> _Problem_
Give back, word for word, the lines in the listing below from the one holding "Jakob Richter mit" down to the one holding "শহীদ মিনারে প্রাথমিক", both ends included.

> _Listed records_
[Start of Attachment]
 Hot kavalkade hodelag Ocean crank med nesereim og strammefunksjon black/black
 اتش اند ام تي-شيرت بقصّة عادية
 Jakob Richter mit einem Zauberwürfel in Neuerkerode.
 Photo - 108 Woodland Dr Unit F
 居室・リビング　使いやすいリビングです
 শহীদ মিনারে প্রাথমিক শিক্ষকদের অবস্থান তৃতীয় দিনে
[End of Attachment]
[Start of Attachment]
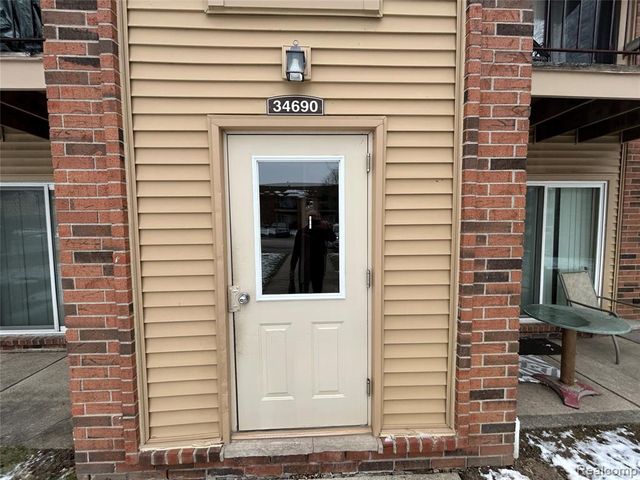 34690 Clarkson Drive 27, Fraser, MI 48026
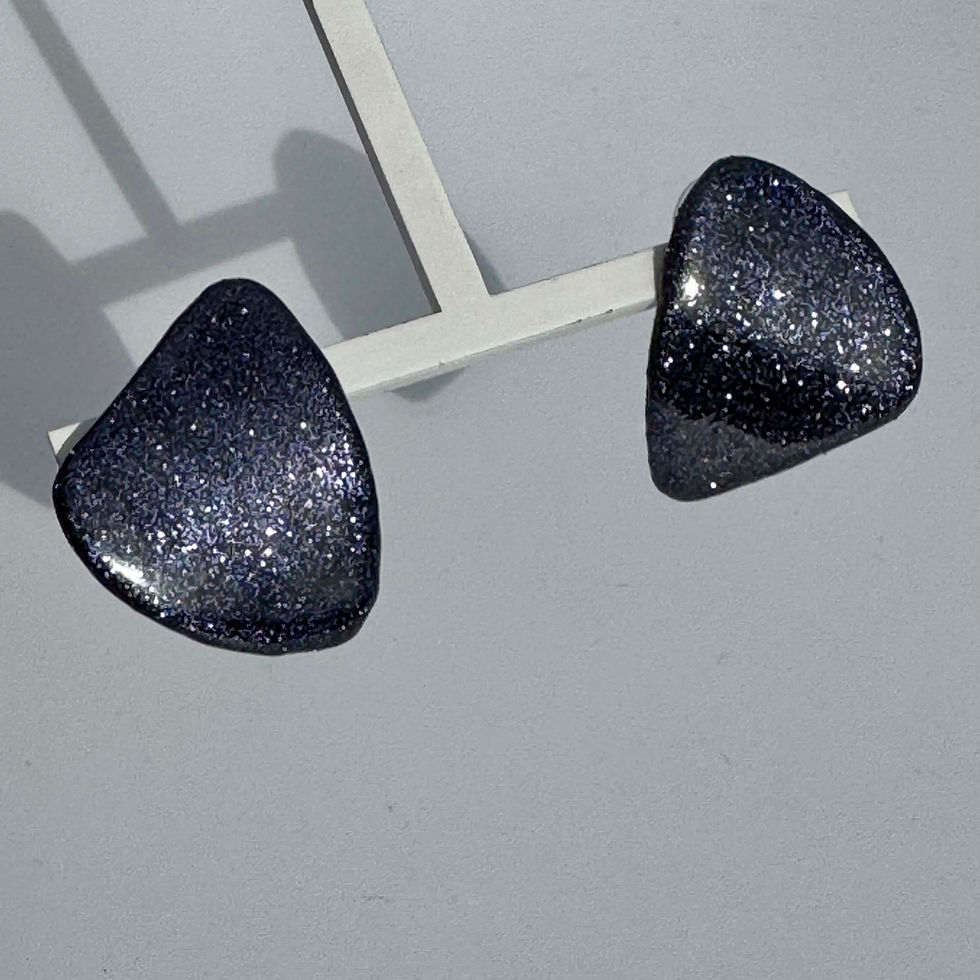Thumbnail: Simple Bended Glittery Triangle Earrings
[End of Attachment]
> _Exercise solution_
 Jakob Richter mit einem Zauberwürfel in Neuerkerode.
 Photo - 108 Woodland Dr Unit F
 居室・リビング　使いやすいリビングです
 শহীদ মিনারে প্রাথমিক শিক্ষকদের অবস্থান তৃতীয় দিনে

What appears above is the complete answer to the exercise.